RIGHTS DECLARATIONS AND CONVENTION RESOLUTIONS:
WOMAN'S RIGHTS CONVENTION MASSILON, OHIO, 1852 RESOLUTIONS.
RESOLVED, That in the proposition affirmed by the nation to be self-evidently true, that "all men are created equal," the word "MEN"is a general term, including the whole race, without distinction of sex.
RESOLVED, That this equality of the sexes must extend, and does extent, to rights personal, social, legal, political, industrial, and religious, including, of course, representation in the Government, the elective franchise, free choice in occupations, and an impartial distribution of the reward of effort; and in reference to all these particulars, woman has the same right to choose her sphere of action, as man to choose his.
RESOLVED, That since every human being has an individual sphere, and that is the largest he or she can fill, no one has the right to determine the proper sphere of another.
RESOLVED, That the assertion of these rights for woman, equally with man, involves the doctrine that she, equally with him, should be protected in their exercise.
RESOLVED, That we do not believe any legal or political restriction necessary to preserve the distinctive character of woman, and that in demanding for women equality of rights with their fathers, husbands, brothers, and sons, we neither deny that distinctive character, nor wish them to avoid any duty, or to lay aside that feminine delicacy which legitimately belongs to them as mothers, wives, sisters, and daughters.
RESOLVED, That to perfect the marriage union and provide for the inevitable vicissitudes of life, the individuality of both parties should be equally ... recognized by the parties themselves, and by the laws of the land; and, therefore justice, and the highest regard for the interests of society require that our laws be so amended, that married women may be permitted to conduct business on their own account; to acquire, hold, invest, and dispose of property in their own separate and individual right, subject to all corresponding and appropriate obligations.
RESOLVED, That the clause of the Constitution of the State of Ohio, which declares that "all men have the right of acquiring and possessing property," is violated by the judicial doctrine that the labor of the wife is the property of the husband.
RESOLVED, That in the general scantiness of compensation of women's labor, the restrictions imposed by custom and public opinion upon her choice of employments, and her opportunities of earning money, and the laws and social usages which regulate the distribution of property as between men and women, have produced a pecuniary dependence of woman upon man, widely and deeply injurious in many ways; and not the least of all in too often perverting marriage, which should be a holy relation growing out of spiritual affinities, into a mere bargain and sale -- a means to woman of securing a subsistence and a home, and to man of obtaining a kitchen drudge or a parlor ornament.
RESOLVED, That sacred and inestimable in value as are the rights which we assert for women, their possession and exercise are not the ultimate end we aim at; for rights are not ends, but only means to ends ... and are to be demanded in order that duties may be performed.
RESOLVED, That God, in constituting woman the mother of mankind, made her a living Providence, to produce, nourish, guard, and govern His best and noblest work from helpless infancy to adult years.
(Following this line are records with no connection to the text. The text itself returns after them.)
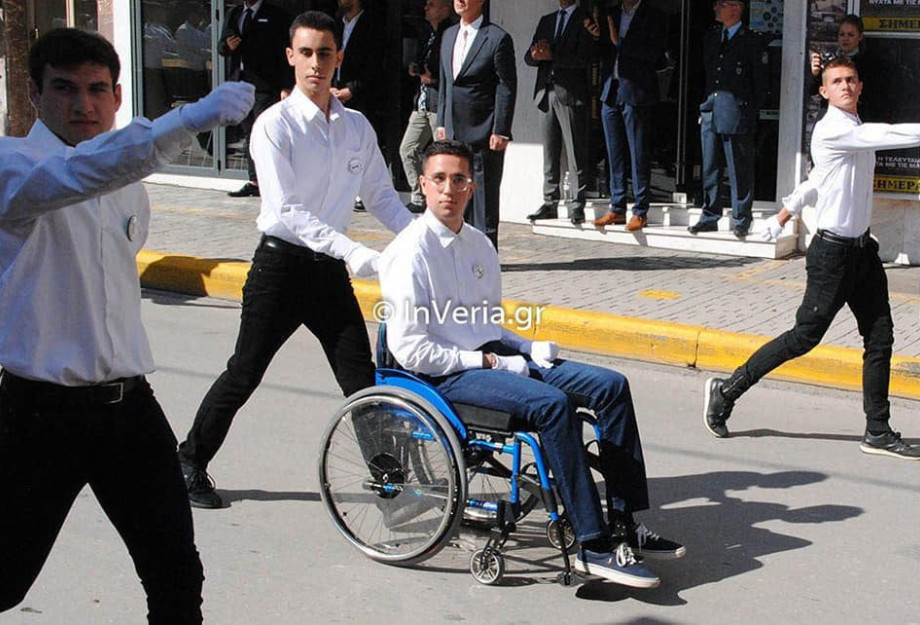 Ο Γιάννης βγήκε νικητής στη μάχη για ζωή και έκανε παρέλαση περήφανος με το αμαξίδιο του Ο Γιάννης βγήκε νικητής στη μάχη για ζωή και έκανε παρέλαση περήφανος με το αμαξίδιο του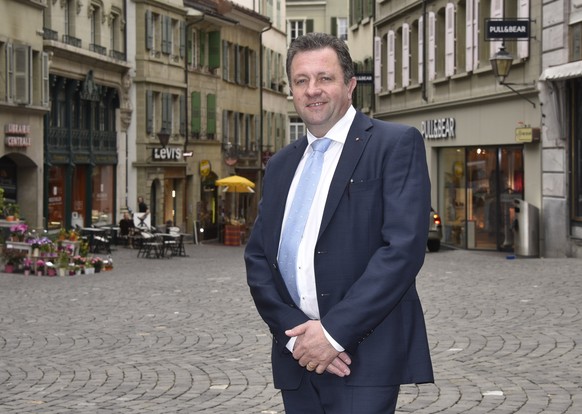 Le candidat UDC Jacques Nicolet pose apres une conference de presse organisee par la liste de centre-droite au Conseil dEtat. Ce mardi 21 mars 2017, a Lausanne. (KEYSTONE/Christian Brun)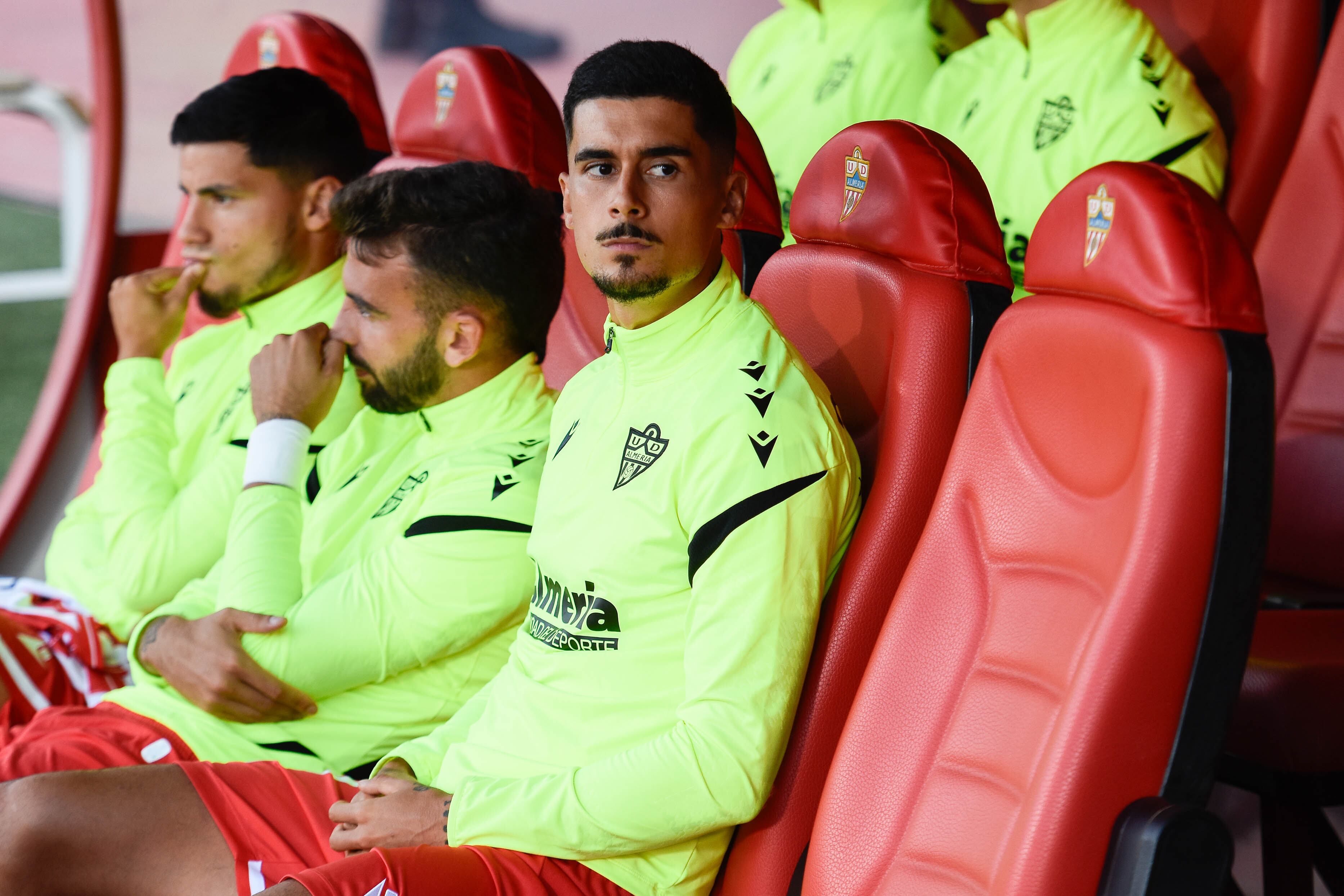 Centelles llegaba al partido desde el banquillo y fue pitado.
Having endowed her with faculties ample, but no more than sufficient, for the performance of her great work, He requires of her, as essentially necessary to its performance, the full development of those faculties.
RESOLVED, That we do not charge woman's deprivation of her rights upon man alone, for woman also has contributed to this result, and as both have sinned together, we call on both to repent together, that the wrong done by both may, by the united exertions of both, be undone.